• **WORK INSTRUCTIONS**
Please set down the data word for word; images do not go in the copy.

• **RECORDS FOR THE EXERCISE**
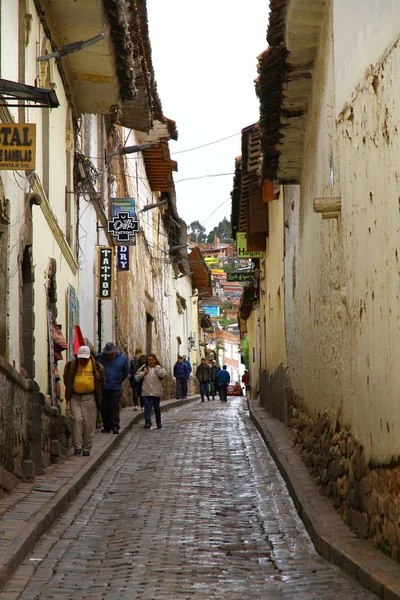 Caddelerin görünüşü, tepedeki binaların cepheleri, Cusco Peru.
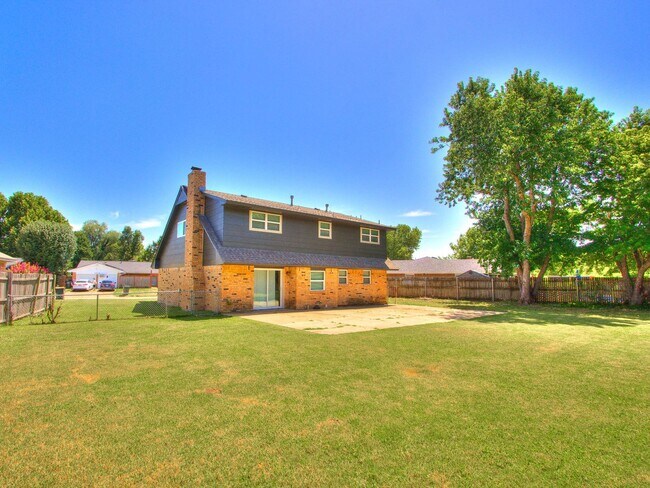 Building Photo - Stunning 4-Bedroom Home for Rent in Westwood Addition – Completely Remodeled on a Huge Lot!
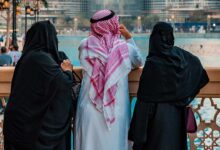 دو بیویوں میں سے ایک کو بیرونِ ملک ساتھ لے جانا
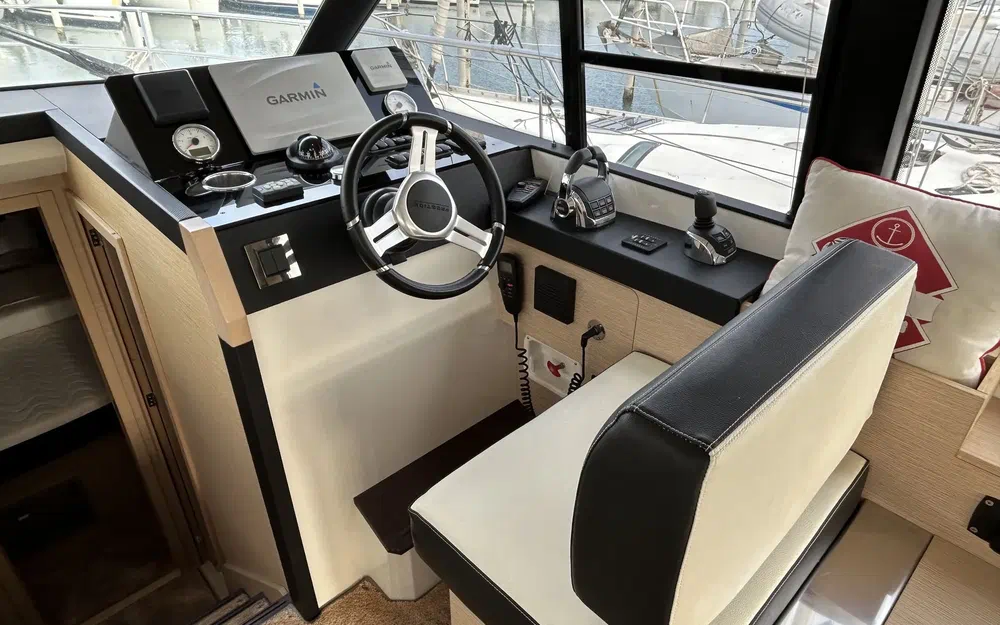 slider 10 Prestige Yachts 420 Fly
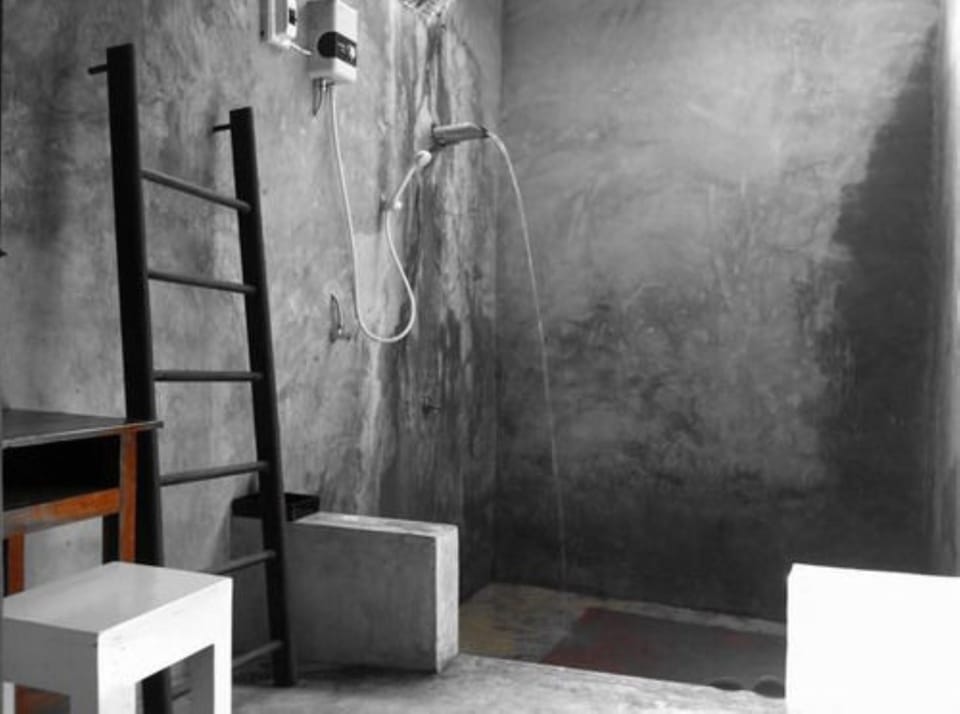 Deluxe Villa with Air ( Chom Dao House ) | Bathroom | Shower, free toiletries, towels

• **EXPECTED ANSWER**
 Caddelerin görünüşü, tepedeki binaların cepheleri, Cusco Peru.
 Building Photo - Stunning 4-Bedroom Home for Rent in Westwood Addition – Completely Remodeled on a Huge Lot!
 دو بیویوں میں سے ایک کو بیرونِ ملک ساتھ لے جانا
 slider 10 Prestige Yachts 420 Fly
 Deluxe Villa with Air ( Chom Dao House ) | Bathroom | Shower, free toiletries, towels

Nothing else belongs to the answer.